The terms dispositions, attitudes, and beliefs are often used synonymously. Richardson (2003) defines dispositions as "psychologically held underpinnings, premises, or propositions about the world that are felt to be true" (p. 2). NCATE defines dispositions as:


The values, commitments, and professional ethics that influence behaviors toward students, families, colleagues, and communities and affect student learning, motivation, and development as well as the educator’s own professional growth. Dispositions are guided by beliefs and attitudes related to values such as caring, fairness, honesty, responsibility, and social justice. For example, they might include a belief that all students can learn, a vision of high and challenging standards, or a commitment to the safe and supportive learning environment (2002, p. 53).
Because of the most recent public criticisms of dispositions, “social justice” has been removed from the definition. Notwithstanding, teacher candidates enter teacher preparation programs with strong beliefs that are often difficult to affect.
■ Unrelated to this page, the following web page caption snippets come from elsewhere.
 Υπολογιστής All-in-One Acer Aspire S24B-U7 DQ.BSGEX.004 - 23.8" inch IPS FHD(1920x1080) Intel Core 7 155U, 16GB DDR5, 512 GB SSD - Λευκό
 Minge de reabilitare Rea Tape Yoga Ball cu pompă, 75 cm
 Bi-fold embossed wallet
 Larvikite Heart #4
These beliefs and attitudes are frequently based upon the candidate’s own personal experiences within and outside the education system. The degree to which teacher candidates process, acquire, and apply knowledge gained throughout their preparation is strongly influenced by these preexisting belief systems (Richardson, 2003). Understanding candidate dispositions can assist faculty in facilitating candidates’ critical thinking about the knowledge and skills they are being exposed to. The inquiry of dispositions can provide faculty with valuable information as they observe candidates trying to make sense out of what they are learning.
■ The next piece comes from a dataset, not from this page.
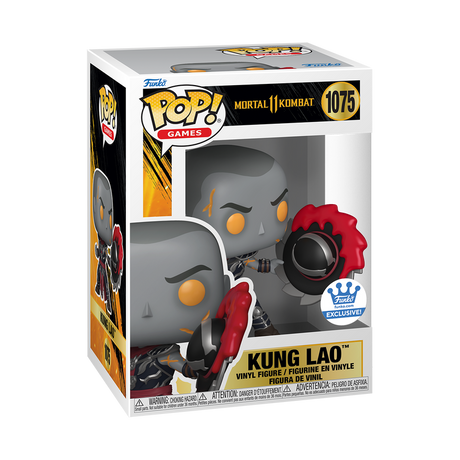 Kung Lao Mortal Kombat Funko Pop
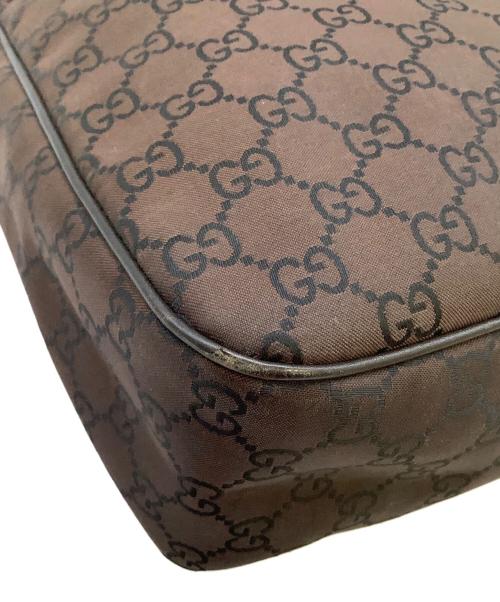 GUCCI（グッチ）GUCCI (グッチ) ショルダーバッグ　GUCCI ブラウンの古着・服飾アイテム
Because instruction is guided by personal beliefs and attitudes and because existing belief systems are difficult to affect, it is important that teacher educators inform themselves about the dispositions of teacher candidates at the beginning and at the end of preparation programs. Wenzlaff (1998) and Shriki & Lavy (2005) indicated that when candidates move into the student teaching experience, their preexisting belief systems prevail. Beliefs should change or at least undergo introspection throughout an academic program as new information and experiences are formed (Richardson, 2003). Therefore, it is imperative that preparation programs, whether seeking accreditation or not, should know candidates’ dispositions and attempt to provide what Griffin (2003) and Hamlin (2004) call “critical incidents [that] provide preservice teachers a venue for deeper and more profound levels of reflection,” in turn fostering meaningful candidate growth and learning (Posner, 2000). Before a program can prompt critical incidents, a baseline understanding of candidate dispositions should be determined. Those early dispositions can be influenced by critical incidents strategically and systematically promoted during preparation.